Haiti at top of CARICOM leaders agenda

Sandra Ann Baptiste,
Contributor

Leaders from the 15-nation Caribbean Community (CARICOM) gathering in Dominica for a two-day meeting will have Haiti and high-level discussions with the World Bank at the top of their agenda.

The March 11-12 talks at the Fort Young Hotel in Roseau, the Dominica capital, will be held against the backdrop of forecast by the Caribbean Development Bank (CDB) that the recovery of the region's economies will not be realised until 2011. Several CARICOM countries, most recently Jamaica, have turned to the International Monetary Fund (IMF) for assistance to stabilise their economies.

Steps to accelerate the full implementation of the Caribbean Single Market (CSM) will be discussed at the Inter-sessional meeting under the chairmanship of Dominica's Prime Minister, Roosevelt Skerritt.

The Heads of Government talks are fresh on the heels of a productive inaugural CARICOM-Mexico Summit.

Support for Haiti

CARICOM Secretary-General Edwin Carrington confirmed that CARICOM's programme of assistance to Haiti, devastated by the January earthquake, would be accorded priority at the Roseau talks. He expressed confidence that the region's leaders will press ahead with measures that advance the regional integration process.

The Dominica meeting will centre on the modus operandi for CARICOM's new Strategic Office in Jamaica headed by former Jamaican prime minister, P.J. Patterson, who is CARICOM's special envoy on Haiti. The small unit in Kingston is expected to have a team of five.
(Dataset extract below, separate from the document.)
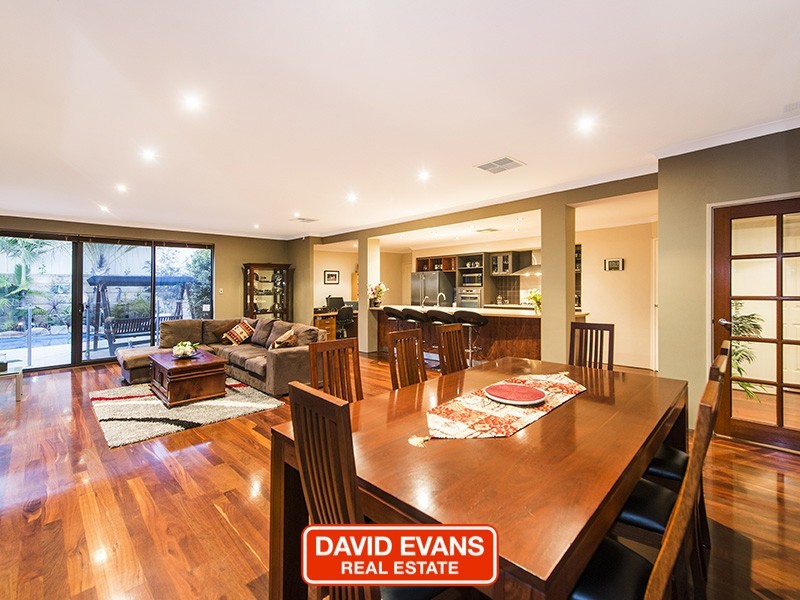 2 Monaro Way, Hocking WA 6065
The Heads of Government have also established a CARICOM Haiti Support Unit in the Secretariat, headed by Assistant Secretary-General Colin Granderson and the CARICOM Office in Haiti is also being strengthened.

Patterson will report to the CARICOM leaders on the outcome of the January meeting he attended in Montreal of the international Coordination Committee, created to organise an international conference to devise a strategic plan for the reconstruction of Haiti.
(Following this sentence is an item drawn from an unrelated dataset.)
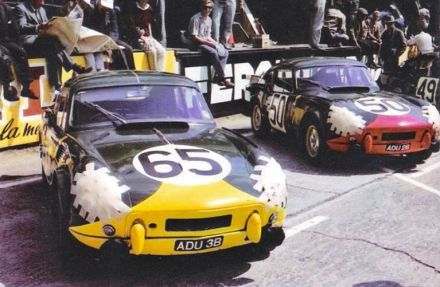 Nr.50. David Hobbs i Rob Slotemaker, nr.65.Jean-François Piot i Jean Louis Marnat - Triumphy Spitfire.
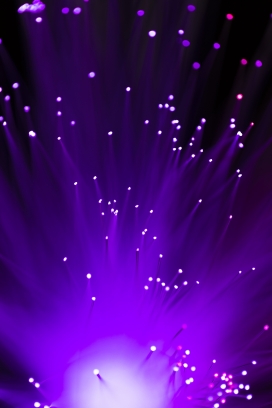 紫蓝色的光纤图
The meeting will also review plans for establishing a CARICOM Regional Health facility in Haiti, identified as the priority area of assistance for the hurricane-ravaged CARICOM member state.

The facility, expected to be set up outside of the capital Port-au-Prince, will involve the rotation of medical specialists from across the region, primarily surgeons and public health specialists.

The region's leaders will also discuss how CARICOM can best assist Chile, which was hit on February 27 by one of the strongest earthquakes in recent history.

Talks with the World Bank

When World Bank President Robert B. Zoelleck meets the CARICOM leaders in Roseau, the CARICOM Secretary-General expects the meeting to focus on financing mitigation and adaptation measures with regard to climate change and "the crippling debt burden of those member states which have achieved middle-income status and, therefore, currently due to their graduation, do not qualify for concessionary debt reduction."

CSM review

The CARICOM leaders will receive a report on the comprehensive audit of the CARICOM Single Market (CSM) conducted by the CARICOM Secretariat over a nine-month period.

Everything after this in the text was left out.